Увы, к тому времени, когда большинство русских композиторов достигли Парижа, магическая сила знаменитого импресарио стала ослабевать. Не имея никого, кто мог бы заменить Дягилева, растерянные русские композиторы поняли, что парижская публика начинает увлекаться новым видом экзотики – искусством, неуклонно проникающим из Советской России. «Все “советское” попало так или иначе в сферу некоторого снобического интереса, эмигрантское же осталось в стороне», – сетует Сабанеев [Там же]. В 1927 году Дягилев сделал слабую попытку удовлетворить новый спрос и поставил большевистский балет Прокофьева «Стальной скок», но эта постановка не получила широкого признания. Чувствительный к изменениям моды, Дягилев еще до премьеры начал беспокоиться о том, что «большевики теперь уже не в моде», и предложил изменить сценарий балета[26].

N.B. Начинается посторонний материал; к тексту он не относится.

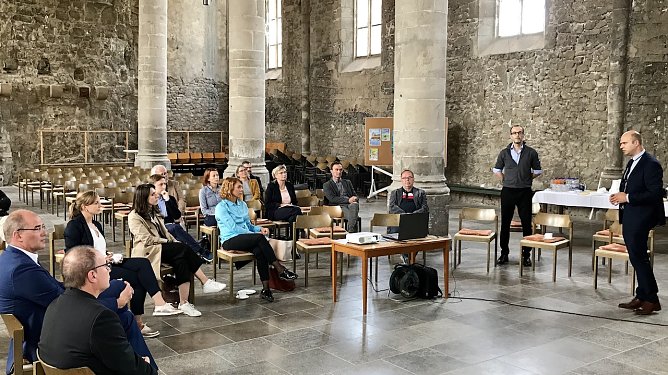 B&uuml;rgermeister Henry Pasenow (ganz rechts) stellt die Kirche vor (Foto: LRA NDH)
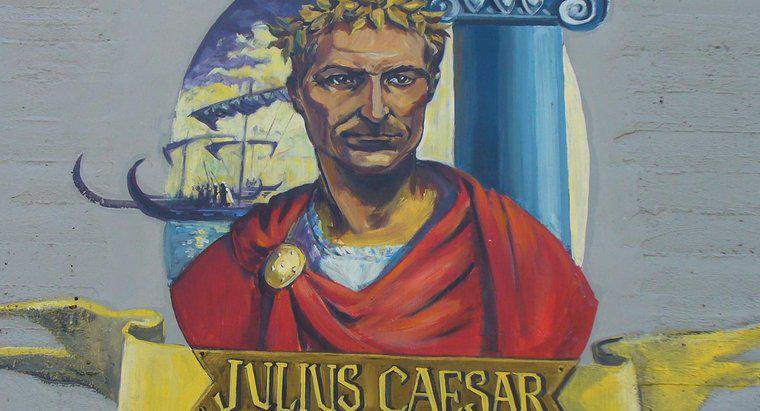 Trong "Julius Caesar", Tại sao Calpurnia muốn Caesar ở nhà?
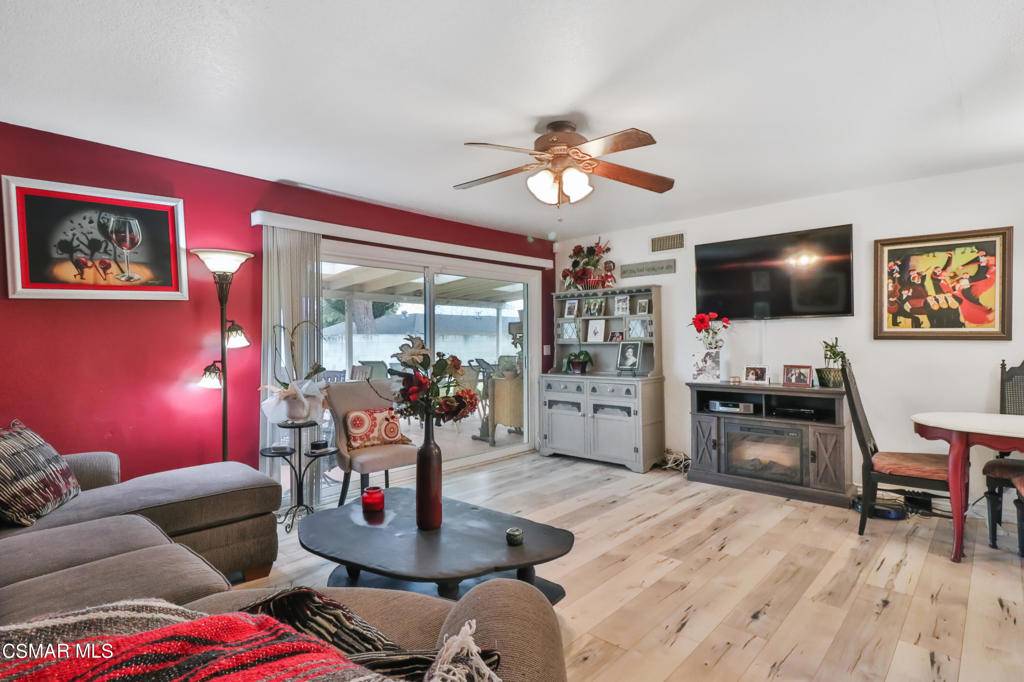 Simi Valley, CA 93065,1690 Spence ST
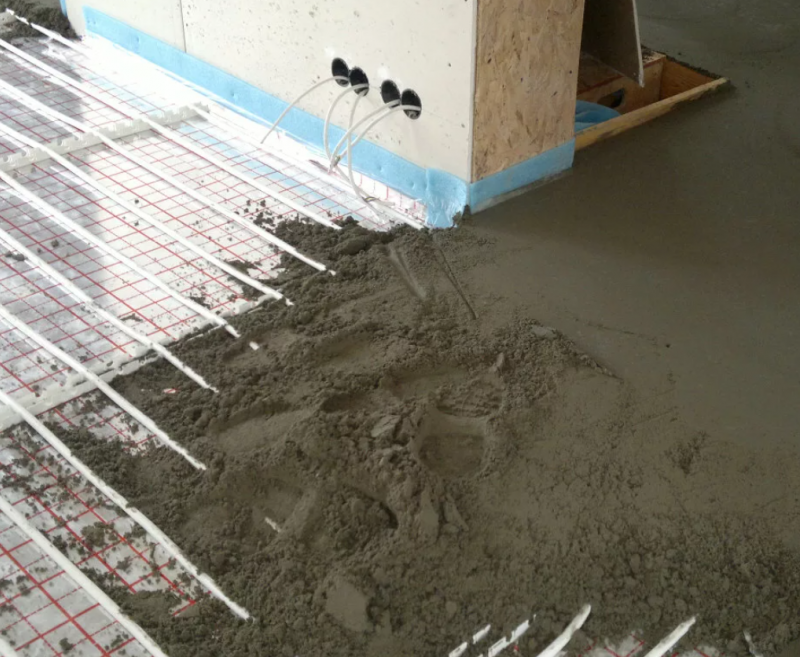 Монтаж теплых водяных полов в бетонной стяжке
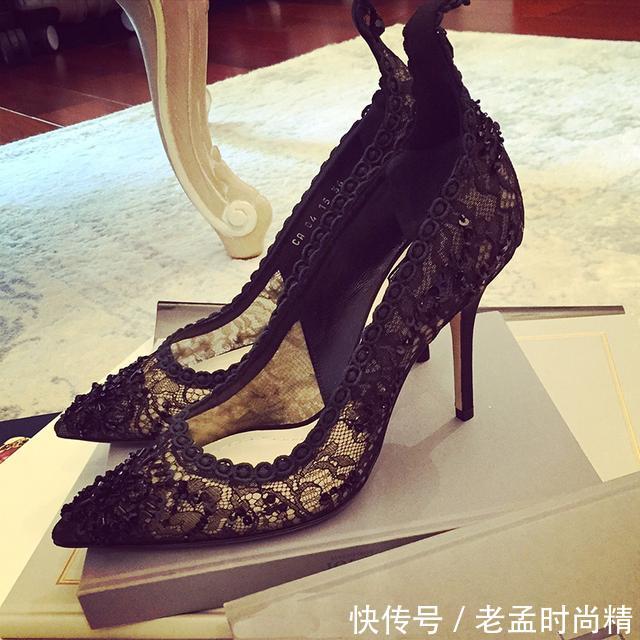  不失：蕾丝高跟鞋让你性感妩媚，却不失高雅姿态！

Композиторам, искусство которых Сабанеев сравнивал с нежным тепличным растением, пришлось столкнуться, в особенности после смерти Дягилева, с жесткими условиями свободного рынка, где деньги, связи и реклама имели ничуть не меньшее значение, чем талант. У бедствующих эмигрантов не было финансовых средств, чтобы достойно представить себя парижской публике: в отличие от поэтов, которые могли читать стихи практически без затрат, композиторы нуждались в финансировании [Там же: 206–207]. Даже Нина Берберова, которая всеми силами пыталась выжить в Париже как писательница, считала, что художники, театральные артисты и музыканты жили «более “нормальной” жизнью», признавая, что картины продать было легче, чем музыку [Берберова 1996: 332].
Сабанеев не видел иного центра притяжения музыкальной жизни русского Парижа, кроме Стравинского. Перед ним представали только враждующие группировки, быстро меняющаяся мода и дестабилизирующее влияние модернизма. Композиторы, как пояснял Сабанеев своей советской аудитории, ведут себя как спортсмены: бьют рекорды, гоняются за новинками, изобретают себя заново, чтобы быть востребованными на рынке. Большинство русских композиторов не смогли освоиться в этой быстро меняющейся реальности. Рахманинов (не имевший постоянного места жительства в Париже), Метнер и Гречанинов, которые, по словам Сабанеева, «твердо и убежденно стояли на своих позициях старозаветной музыки», продолжали сочинять в стиле, который выработали в России. Рахманинов особенно твердо находился «в противоречии со всем течением современной европейской музыки», Стравинский и Прокофьев следовали «передовому направлению музыкальной мысли», разрушавшей прежние традиции и открывавшей новые пути развития. По мнению Сабанеева, начиная с «Весны священной» Стравинский «становится вождем самого левого максималистского течения музыки», действуя, – добавляет он с явным удовольствием, – так же, как Ленин и Троцкий в политике [Сабанеев 2005: 211]. Уже к 1926 году Сабанеев объявил Стравинского победителем в битве двух звезд русской музыки, а в 1937 году добавил, что Стравинский заставил Прокофьева «сбежать» с капиталистического поля боя, вернувшись в Советский Союз.